Taking that to heart, but still focusing on the input side, the missing file is a user code file (the same file) in both reported cases. The Pex is a packed VenvPex. A packed VenvPex is a directory containing 4 classes of items:

  1. loose Pex-internal files: PEX-INFO, main.py, __pex__/ import hook package.
  2. loose user-code
  3. a .bootstrap zip of the Pex bootstrap code
  4. 0 or more .deps/*.whl installed wheel zips.

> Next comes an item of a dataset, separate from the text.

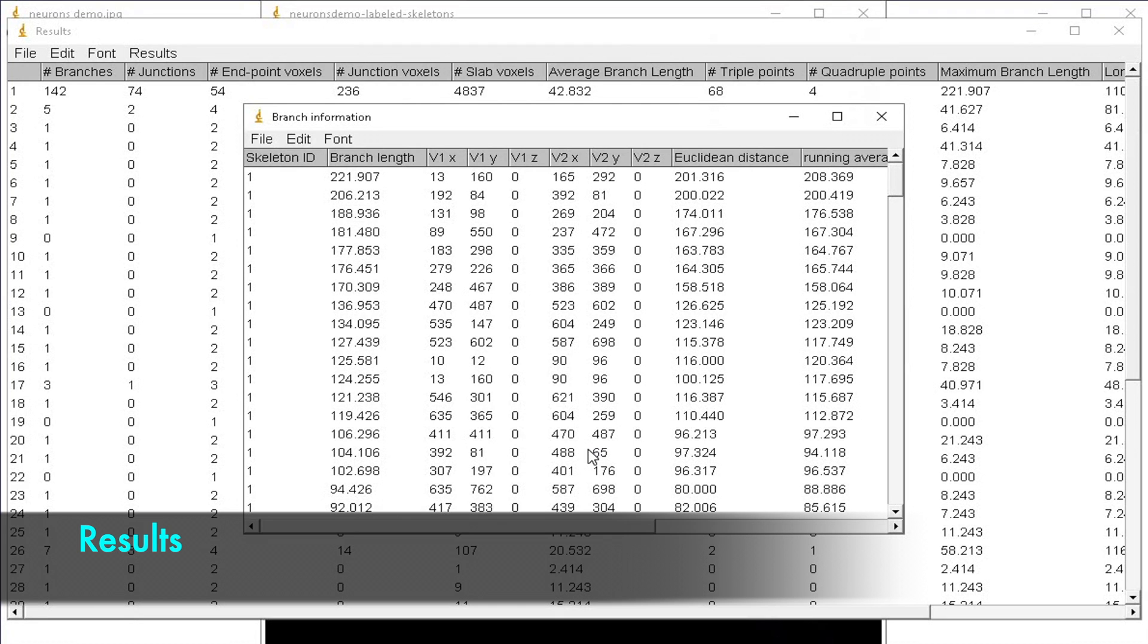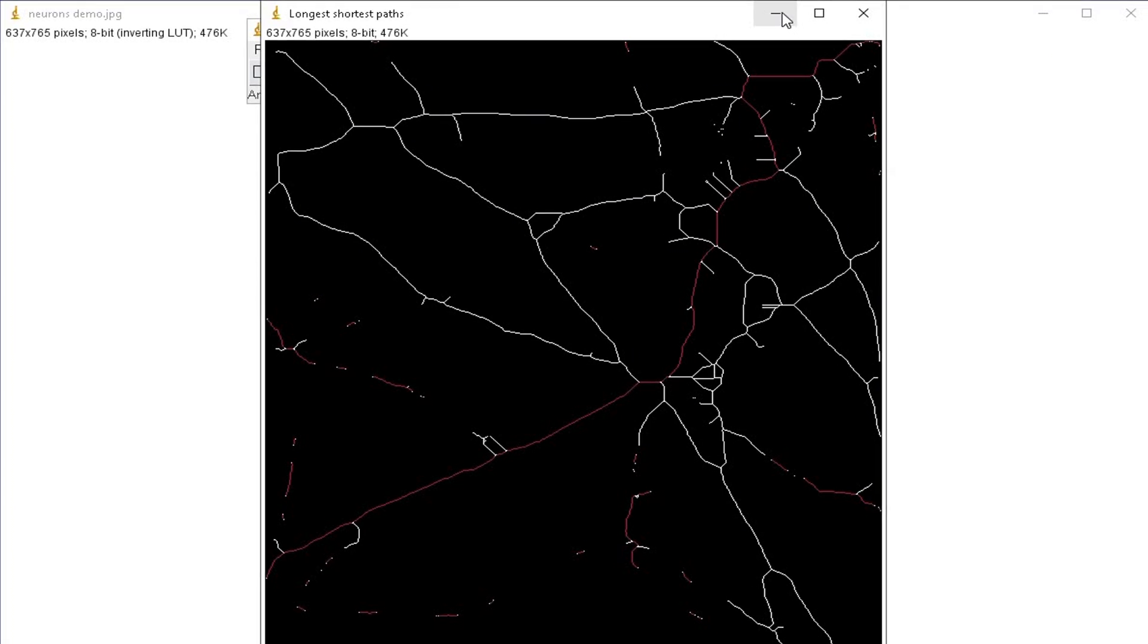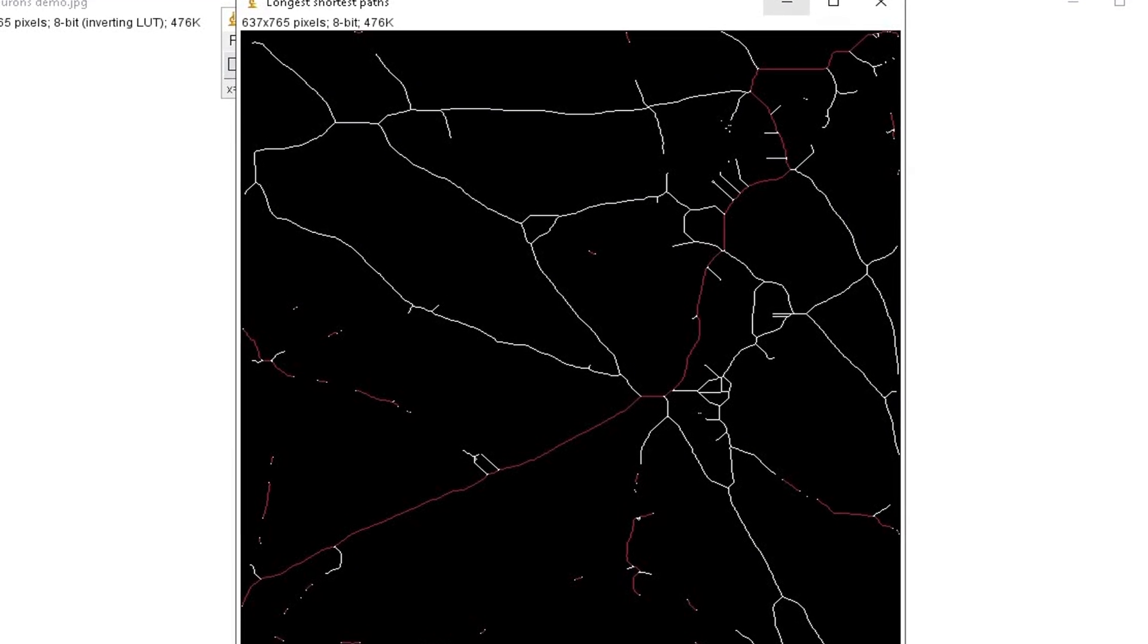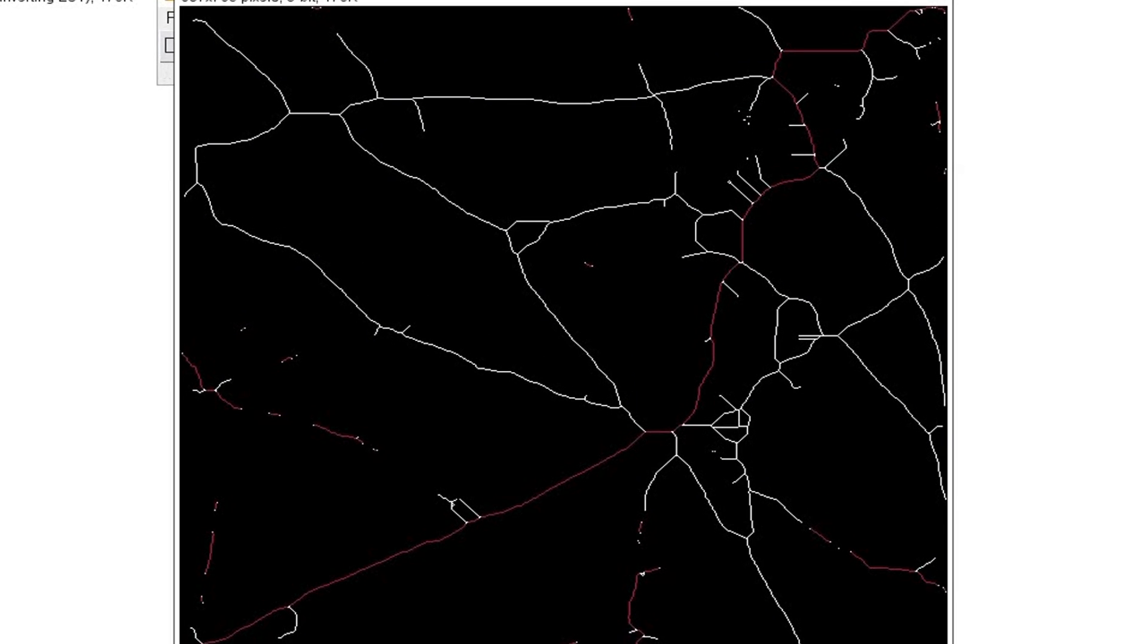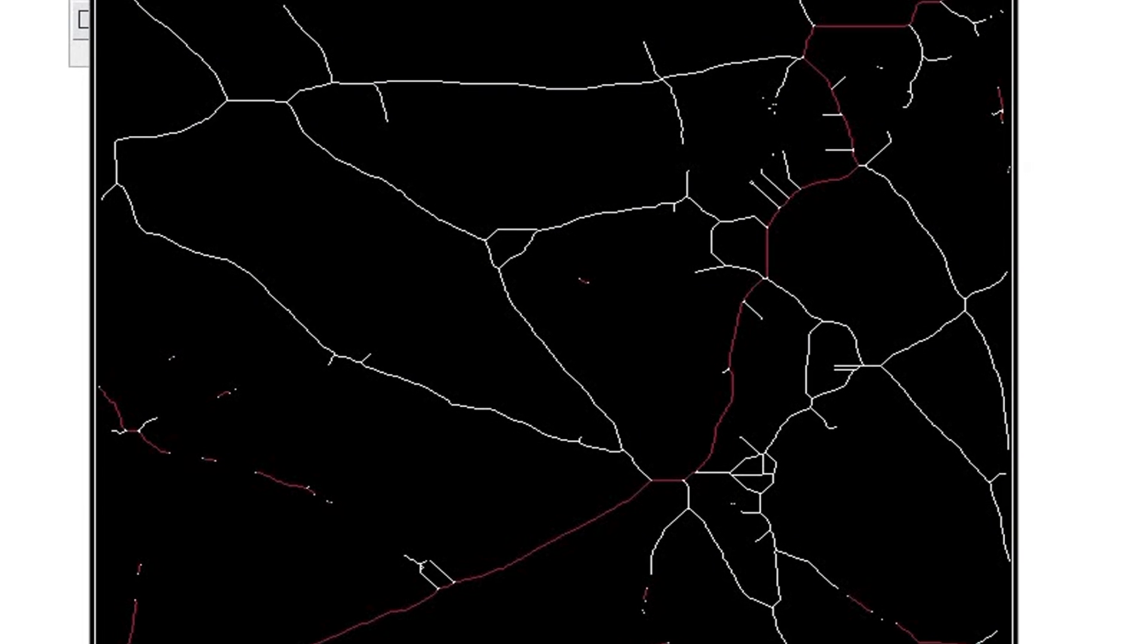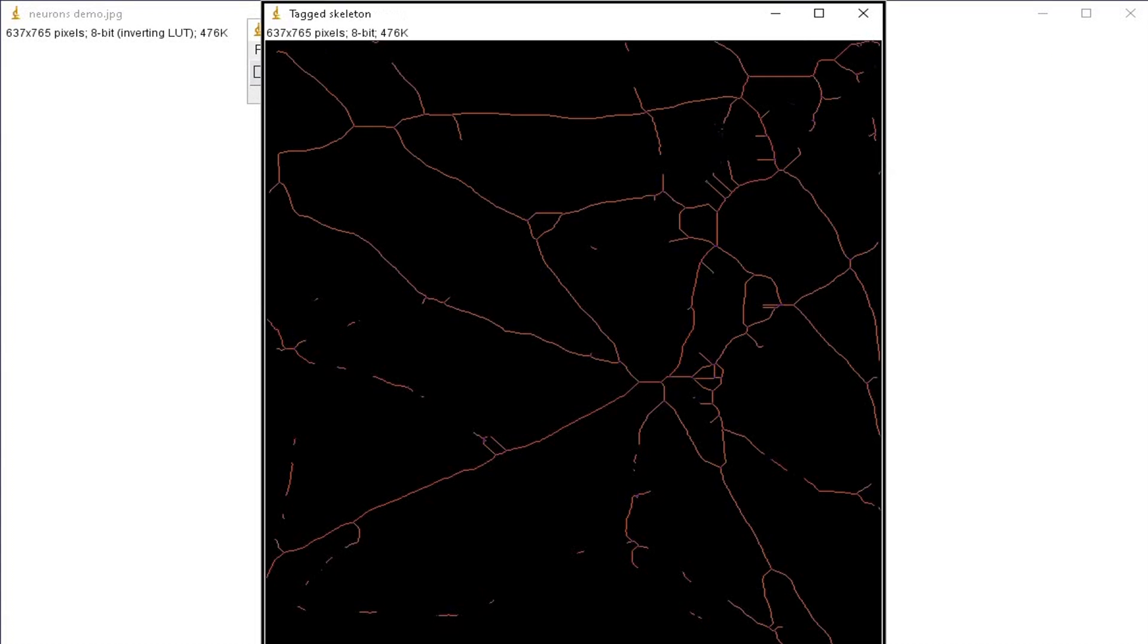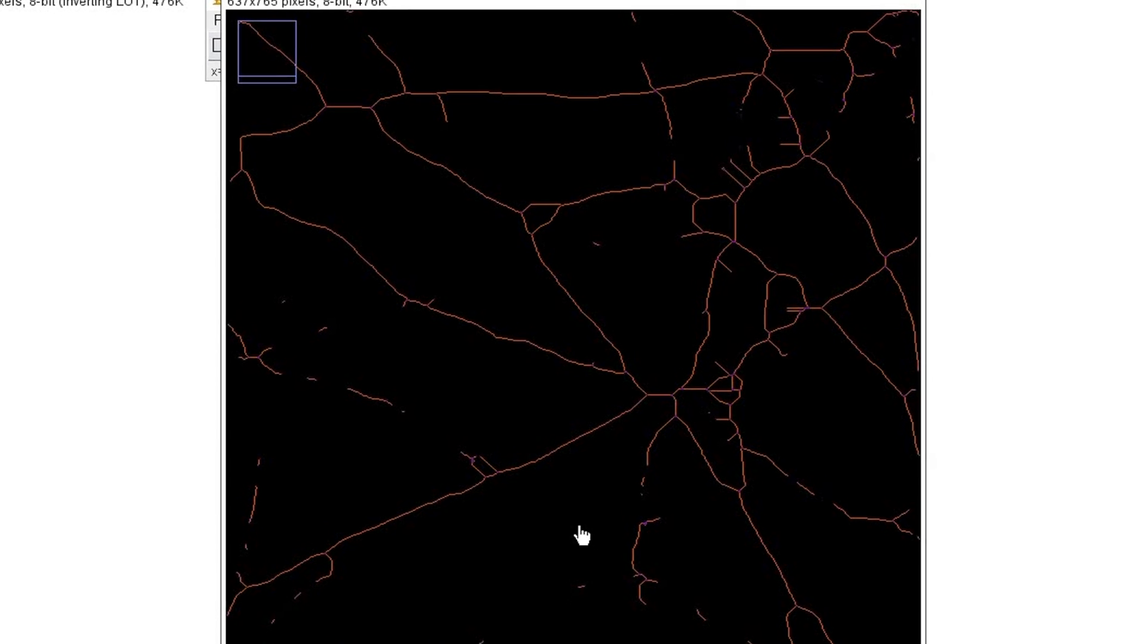A bunch of information is displayed at this point. Let us analyze them separately. This image from the result displays the longest shortest path. In this case, the longest path is displayed containing the skeleton in white and the shortest path in magenta.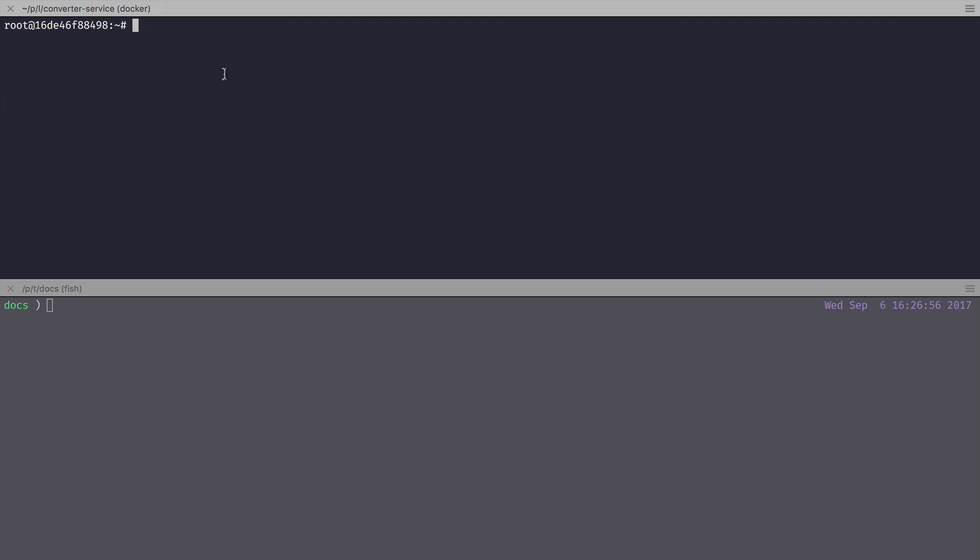So I have this tool installed on my container, which is webkit-html-to-pdf. It takes HTML input and outputs PDF from that HTML. Let's point it to my website.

When such a VenvPex is built, Pants passes --seed to ensure the PEX_ROOT caches are pre-seeded. In the course of seeding a VenvPex from a packed PEX, the packed PEX is 1st installed as an unzipped pex in the PEX root before re-execing from that to do the venv install in the venvs cache under the PEX_ROOT. The unzipped PEX installation has 3 atomic inputs and 1 non-atomic input - the non-atomic one being the user code. That is gathered via an os.walk here: https://github.com/pantsbuild/pex/blob/bfea50d28f875d74607d6cc5ef93271744d9dd7b/pex/layout.py#L274-L289

So, the dest_dir there is an atomic_directory work dir - which is as things should be. But the walk assumes the inputs will be stable. During Pants remote cache speculation however, a remote cache hit beating a local VenvPex build and --seed will issue a SIGKILL to the Pex CLI process and then go through Rust tear down which includes RAII finalization of the sandbox /tmp dir. The Pex CLI process can thus have the sandbox packed PEX dir open for reading while its contents are nuked by the Rust RAII tear-down leading to an os.walk over an empty sandbox packed PEX directory that results in populating the unzipped PEX user_code cache with 0 user code files. From that point on the cache is poisoned and the user code (__df_parser.py) will always be missing when a venv is created or re-created from that PEX_ROOT cache.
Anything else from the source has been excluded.